January 22, 2010

Mexican Hot Chocolate Meringues

Ruby and I were invited to our friends' apartment for Shabbat lunch. Proper etiquette in this situation is to offer to bring something. But me being my big-headed "culinarily-skilled" self, I responded with: "What can we bring? I cook, so if you want me to actually make or bake something, I'd be glad to." I was then asked to bake something, and it had to be Parve, because we would be having meat at lunch. This presented a challenge. Observant Jews are cursed with a whole variety of nasty desserts made with non-dairy substitutes. I was not going to make one of these, I was having a classy food week (Jeff and I made Orange-Rosemary Shortbread on our day off and I made Roasted Greens Panzanella for dinner one night); plus, there is no reason for it when the lovely dairy-free option of meringues exists. I decided on meringues and then as I was falling asleep the night before I was due to make them, the idea of flavoring them in the spirit of Mexican Hot Chocolate dawned on me, and in my deliriously tired state I thought it was quite genius; I still think it's a pretty good idea. After 2 failed attempts yielding sticky meringues, I sought baking counseling and put in a last ditch effort. I am SO happy I tried it again because they came out melt-in-your-mouth perfectly.


2 egg whites
pinch of salt
half a capfull white or cider vinegar
3-4 dashes hot sauce
3/4 tsp vanilla extract
1/2 cup superfine sugar
1/4 cup cocoa powder, sifted
1/2 tsp cinnamon
demerara/turbinado sugar "in the raw"


Preheat oven to ~250 degrees F.

Beat egg whites on low speed (most recipes say it's best when they are at room temperature) until just before they form soft peaks. Add salt, vinegar (or cream of tartar), hot sauce and vanilla, then continue to beat until soft peaks form. Add sugar in at least 2 increments so that it has time to dissolve. Turn up mixer speed and beat until mixture is glossy and forming stiff peaks. Add in cocoa powder and cinnamon and beat on high for one minute. Any movement made in the batter at this point should leave a track.

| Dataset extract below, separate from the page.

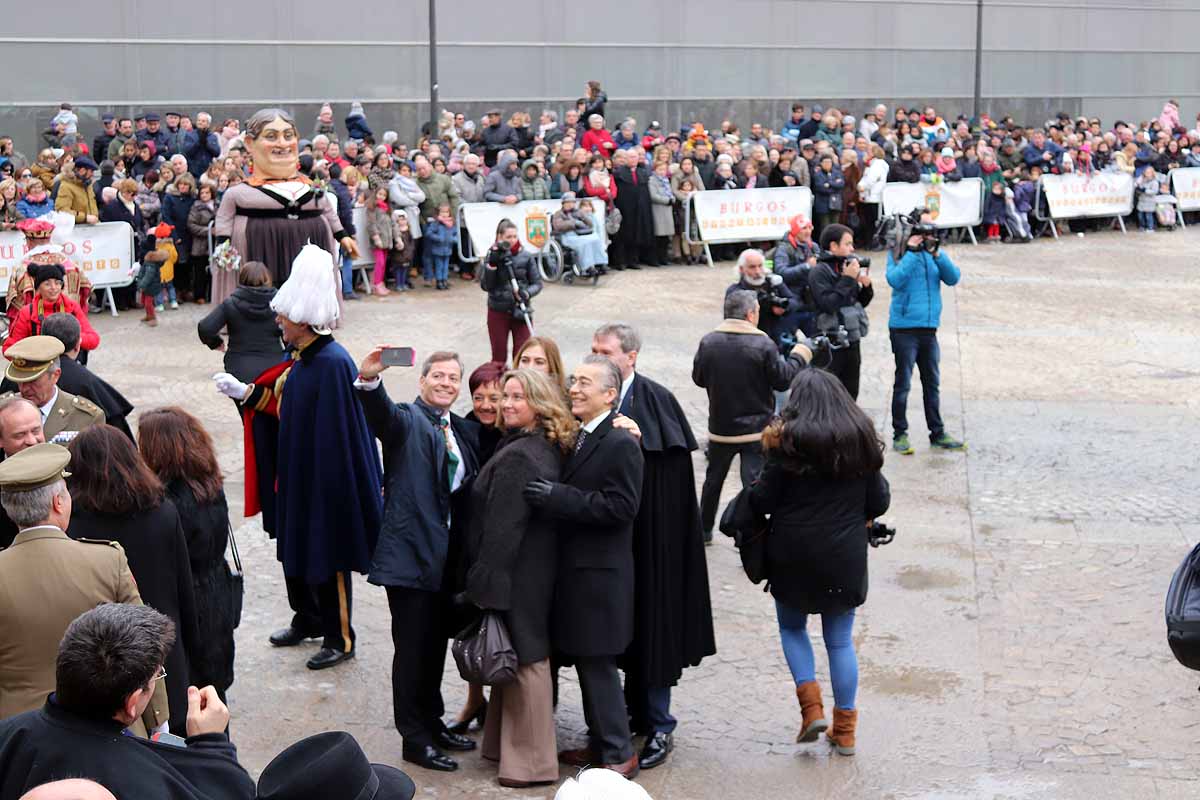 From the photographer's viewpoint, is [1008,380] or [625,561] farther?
[1008,380]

Transfer mixture into a pastry bag or a ziploc bag with a cut corner. Pipe small meringue dots onto a lined baking sheet. I used a reusable baking sheet liner, I have no idea what it is or what it's made of (it's definitely not parchment or silicone), but I credit it and my friend Jeff with the success of the third try on this recipe.

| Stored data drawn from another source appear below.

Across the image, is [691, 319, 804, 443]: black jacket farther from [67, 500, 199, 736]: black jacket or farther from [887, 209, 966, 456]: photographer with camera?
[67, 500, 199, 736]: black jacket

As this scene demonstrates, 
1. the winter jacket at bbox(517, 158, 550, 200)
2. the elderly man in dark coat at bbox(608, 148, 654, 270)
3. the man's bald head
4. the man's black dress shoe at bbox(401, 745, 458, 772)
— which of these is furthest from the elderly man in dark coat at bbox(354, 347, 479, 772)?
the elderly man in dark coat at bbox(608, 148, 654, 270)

Sprinkle each dot with some sugar in the raw. And place the sheet in the oven for 2 hours. After 2 hours turn the oven off and let the meringues continue to cool and dry in the oven with the door closed for at least another hour.

Because I took a picture of it, this is what my Panzanella looked like. I followed Giada's recipe for the most part, but we know I'm not a fan of exact measurements. I hit it with some grated Parmesan and served it with "fried" eggs which was the perfect companion.